_RECORDED DATA_.

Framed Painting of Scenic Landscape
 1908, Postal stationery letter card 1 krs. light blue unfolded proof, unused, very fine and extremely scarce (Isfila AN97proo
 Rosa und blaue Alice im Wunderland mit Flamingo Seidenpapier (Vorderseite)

_EXERCISE DIRECTIONS_.
What you return should match the listing above exactly.

_EXERCISE RESULT_.
Framed Painting of Scenic Landscape
 1908, Postal stationery letter card 1 krs. light blue unfolded proof, unused, very fine and extremely scarce (Isfila AN97proo
 Rosa und blaue Alice im Wunderland mit Flamingo Seidenpapier (Vorderseite)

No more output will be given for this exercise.